Reconstructing Curating on Miro: How Our Group Challenged the White Cube Narrative

Introduction: From Virtual Whiteboards to Real-World Experimentation

“As our Miro board filled with sticky notes, arrows, and wild speculations, I realized that this was more than just a class discussion—it was a micro-revolution in the future of curating. From dialogue chambers inside cars to tactile VR for visually impaired audiences, the sparks ignited on our digital whiteboard were actively reshaping the boundaries of ‘exhibition-making’.”

Key Questions from the Week 2 Planning Meeting:

Can curatorial formats exist beyond physical space?

How can collective work avoid becoming an empty utopian slogan?

What evidence on Miro reflects our shift towards non-traditional spaces, ethical technology, and skill-sharing?

Curating Intimacy: Experimental Models and Critical Reflections

Following my previous reflections on curating intimacy, I have developed a series of experimental models that seek to transform exhibition spaces into arenas for personal and collective healing.

 

1. Energy Theater: Ethical Dilemmas and Emotional Algorithms

Inspired by ZKM’s critique of digital ethics, this interactive installation invites visitors to wear sensors that monitor their heart rate and breathing. This biometric data generates real-time audiovisual landscapes, aiming to quantify the energy flow within intimate relationships. However, this raises ethical questions reminiscent of Abramović’s Rhythm 0 (1974)https://www.guggenheim.org/artwork/5177, where she relinquished control to the audience. Can we critique technological capitalism while utilizing its tools?

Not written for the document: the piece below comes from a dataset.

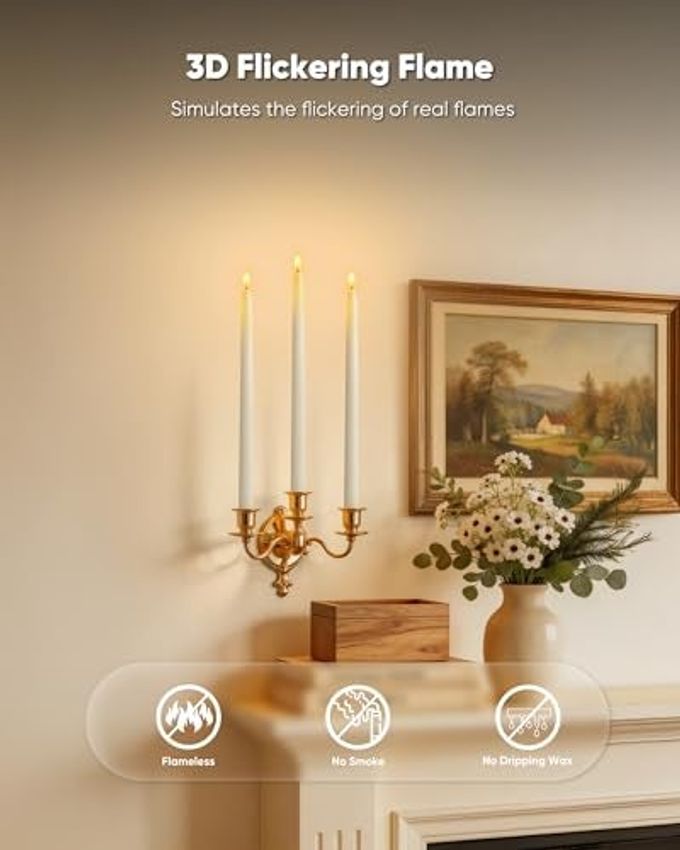Homemory 15 inches Real Wax Flameless Taper Candles with Remote Timer, 6 Pcs White LED Taper Candles Battery Operated with 3D Flickering Flame, Window Candle Led Candlesticks for Dinners Home Decor - Image 2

2. Knowledge Archaeology: Trauma Archives

Drawing from Arts Catalyst’s “knowledge equity” movement, this segment features a “Trauma Archive Room” where visitors can contribute mementos from past relationships. These items are embedded in crystal structures, symbolizing energy transformation and the materiality of trauma. Yet, this participatory approach risks emotional exploitation—are we commodifying others’ pain?

 

3. Decentralized Narratives: The Localization Trap

Emulating the 2023 Taipei Biennial’s “island methodology,” the exhibition extends into local spaces such as the common room of my apartment in Edinburgh (EH3 9DH) and The Tap, a nearby bar. Local residents are invited to reenact segments of Abramović and Ulay’s The Lovers: The Great Wall Walk (1988). This strategy aims for localization but must avoid romanticizing or appropriating local cultures.

 

4. Public Philosophy: The Paradox of Dialogue

Building on Fruitmarket’s philosophy of public space, the final segment features a “Silent Roundtable” where participants engage in non-verbal communication, reminiscent of Abramović’s silent engagements. This challenges the assumption of knowledge as a public resource: can curating reconstruct publicness through embodied silence?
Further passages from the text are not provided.